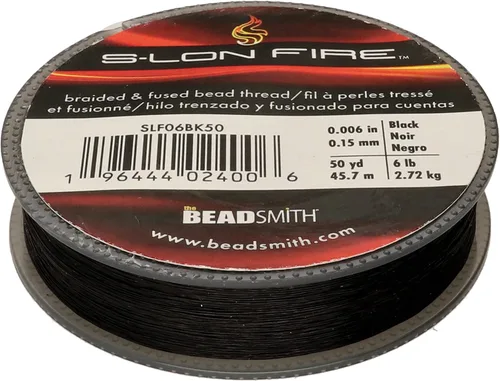 Miniatura 2 de The Beadsmith S-Lon Fire - Hilo de cuentas trenzado y fundido - Prueba de 6 libras, diámetro de 0.006 pulgadas/0.006 in, carrete de 50 yardas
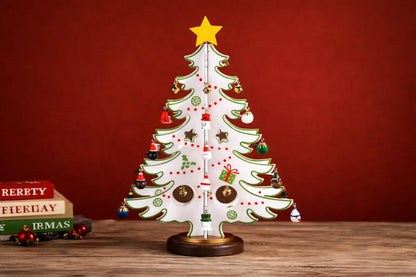 Maquette en bois - Sapin de Noël blanc 32cm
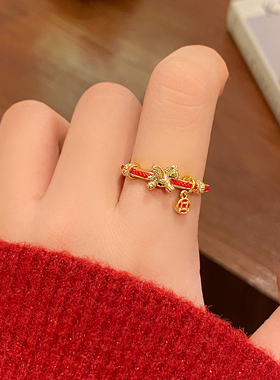 新款红色马上有钱铜钱戒指本命年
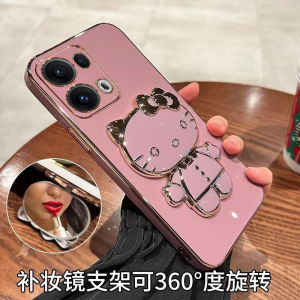Applicable to OPPO Reno13 mobile phone case electroplated KT cat bracket makeup mirror Reno13Pro silicone soft case h2607069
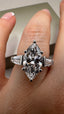 18ct Yellow Gold 4.00ct Lab-Grown Marquise Cut & Tapered Baguette Diamonds Engagement Ring | 3.00ct Centre Emerald Cut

____

• [Your instructions]
For this exercise, reproduce the data above exactly from the line containing "新款红色马上有钱铜钱戒指本命年" through its final line, both ends included, with no pictures in the copy.

• [Output for this exercise]
 新款红色马上有钱铜钱戒指本命年
Applicable to OPPO Reno13 mobile phone case electroplated KT cat bracket makeup mirror Reno13Pro silicone soft case h2607069
 18ct Yellow Gold 4.00ct Lab-Grown Marquise Cut & Tapered Baguette Diamonds Engagement Ring | 3.00ct Centre Emerald Cut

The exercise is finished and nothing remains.